Facial plausibility exists when the facts alleged allow for a reasonable inference that the
defendant is liable for the misconduct charged. Iqbal, 129 S. Ct. at 1949. The plausibility
standard is not, however, a probability requirement: the pleading must show, not merely
allege, that the pleader is entitled to relief. Id. at 1950. Well-pleaded allegations must
nudge the claim “across the line from conceivable to plausible.” Twombly, 550 U.S. at 570.
5.
Both Defendants seek dismissal of Plaintiffs’ claims on res judicata grounds.
Dismissal on this ground, if warranted, is permissible on a Rule 12(b)(6) motion. See Day
v. Moscow, 955 F.2d 807, 811 (2d Cir. 1992).

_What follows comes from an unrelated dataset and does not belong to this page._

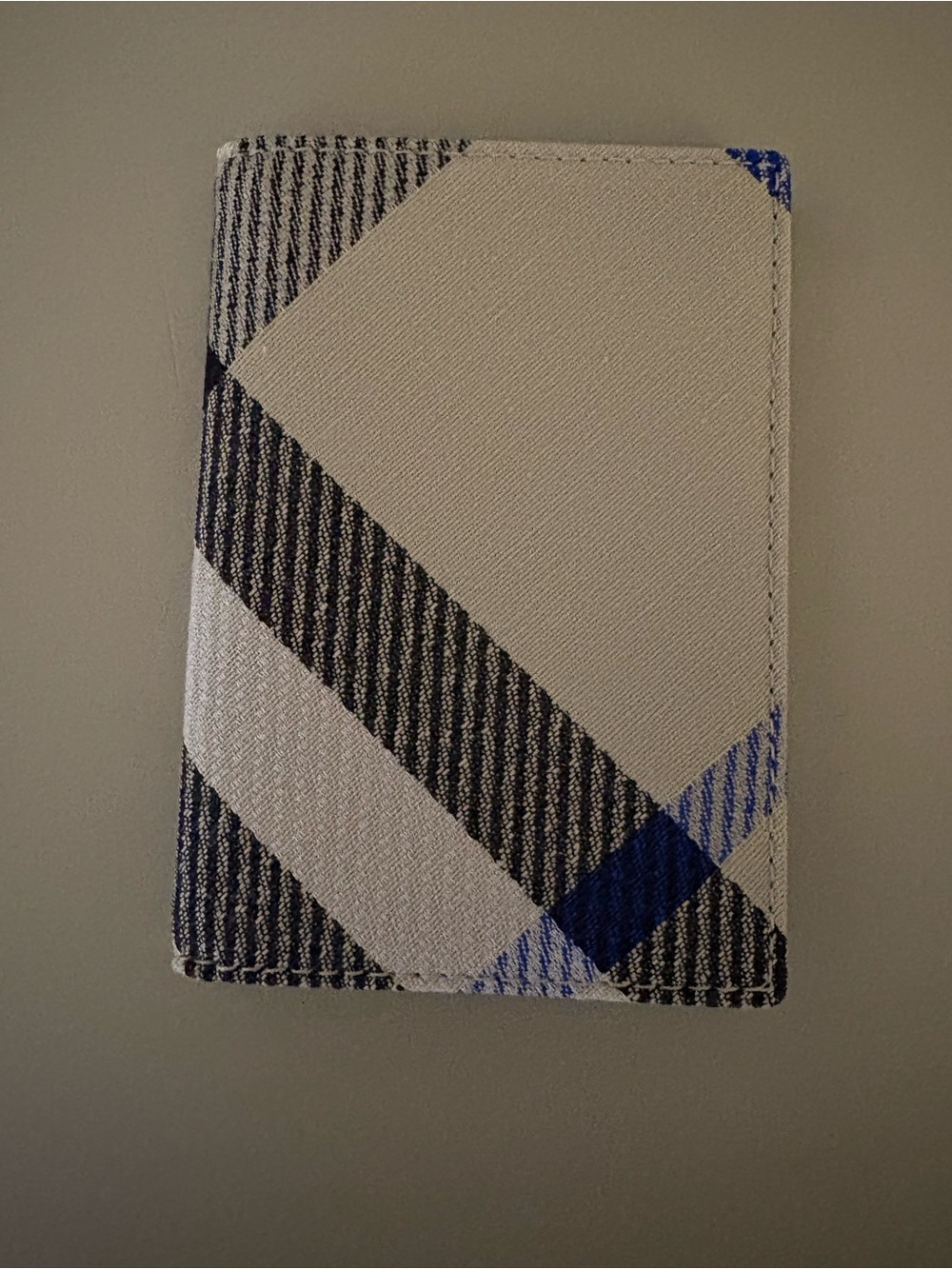 New! Burberry card holder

In adjudicating such a motion, this Court is
entitled to consider:
(1) facts alleged in the complaint and documents attached to
it or incorporated in it by reference, (2) documents ‘integral’ to
the complaint and relied upon in it, even if not attached or
incorporated by reference, (3) documents or information
contained in defendant's motion papers if plaintiff has
knowledge or possession of the material and relied on it in
framing the complaint, (4) public disclosure documents
required by law to be, and that have been, filed with the
Securities and Exchange Commission, and (5) facts of which
judicial notice may properly be taken under Rule 201 of the
Federal Rules of Evidence.
In re Merrill Lynch & Co., 273 F. Supp. 2d 351, 356–57 (S.D.N.Y. 2003) (internal citations
omitted), aff'd in part and rev’d in part on other grounds sub nom., Lentell v. Merrill Lynch
& Co., 396 F.3d 161 (2d Cir. 2005), cert. denied, 546 U.S. 935, 126 S. Ct. 421, 163 L. Ed.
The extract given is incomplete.